A review by mpho3
The Hooligan's Return: A Memoir by Norman Manea

4.0

Manea's memoir makes for very dense reading but is a fascinating account of a Jewish Romanian writer who survived his family's deportation during WWII to the concentration camps of Transnistria only to live through the Romania's Stalinist 1950s and the horrors of Nicolae Ceaușescu's totalitarian reign before eventually emigrating to the United States.

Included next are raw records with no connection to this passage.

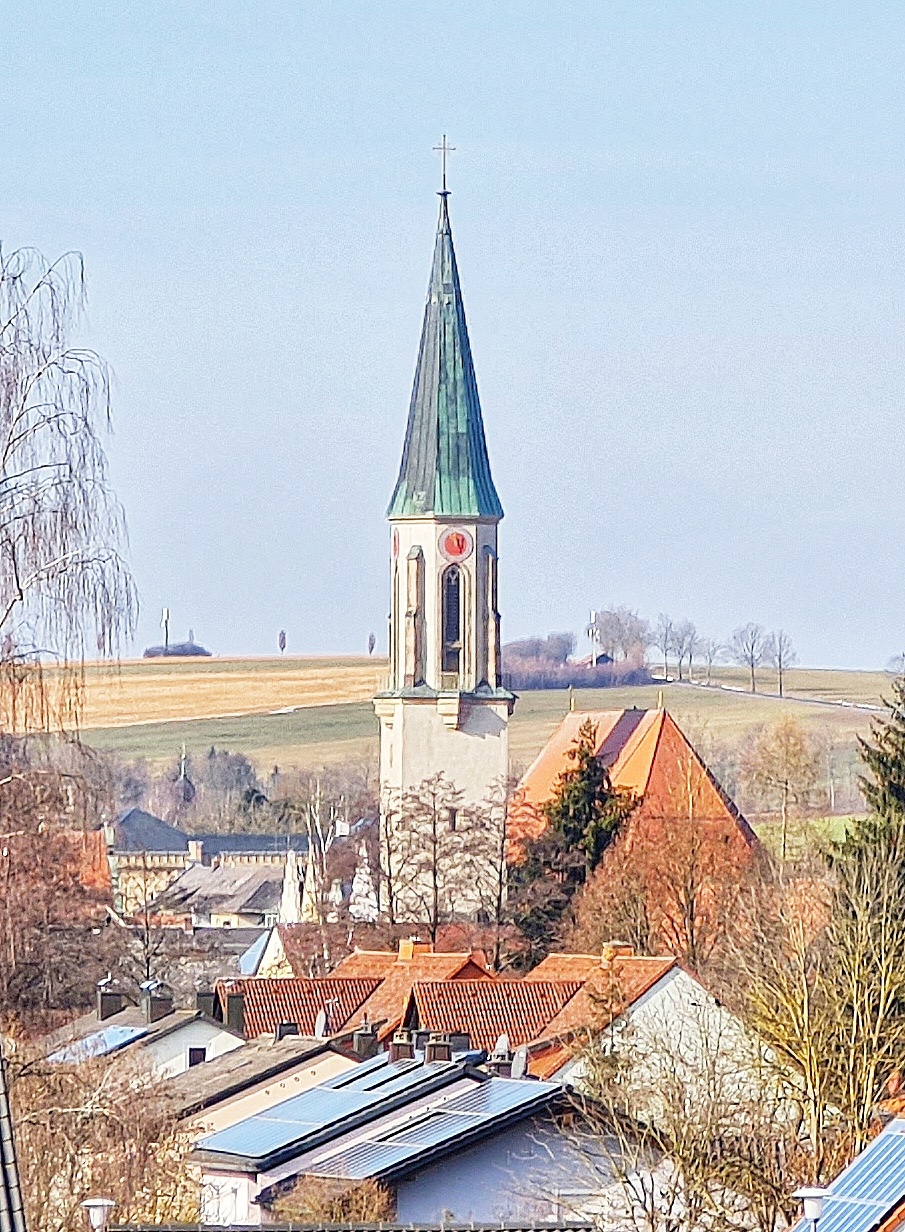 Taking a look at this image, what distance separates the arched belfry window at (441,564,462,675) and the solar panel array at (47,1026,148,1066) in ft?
165

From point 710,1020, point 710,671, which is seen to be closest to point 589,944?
point 710,1020

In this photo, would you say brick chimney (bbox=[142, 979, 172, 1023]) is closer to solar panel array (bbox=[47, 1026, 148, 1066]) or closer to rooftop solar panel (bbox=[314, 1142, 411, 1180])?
solar panel array (bbox=[47, 1026, 148, 1066])

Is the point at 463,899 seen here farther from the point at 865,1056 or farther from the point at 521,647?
the point at 521,647

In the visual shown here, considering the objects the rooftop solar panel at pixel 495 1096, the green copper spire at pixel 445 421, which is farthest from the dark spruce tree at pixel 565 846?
the rooftop solar panel at pixel 495 1096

Despite the many hardships encountered in his home country, Manea's experience abroad has been one of an exile from his language. As Carla Baricz, explains in the LA Review of Books, "What makes The Hooligan’s Return such a unique and celebrated memoir is that it rejects its own form in a way that invokes the complexities of the genre. The book does not read like biography. The 'facts' act only as anchoring points to a larger theme: Manea’s relationship to his mother tongue, and the way a writer, especially one in exile, invents him/herself out of language. Indeed, the memoir is as much about the necessity and the cost of retelling personal narratives as it is about the past it evokes. The narrative structure of The Hooligan’s Return seeks various answers to this dilemma."

As such The Hooligan's Return is certainly an intellectual challenge. I am not very familiar with Romanian history and culture, but I could relate to his many questions about who we are as individuals, what makes us who we are, and to what purpose. The Hooligan's Return is a harrowing but successful experiment in creative nonfiction.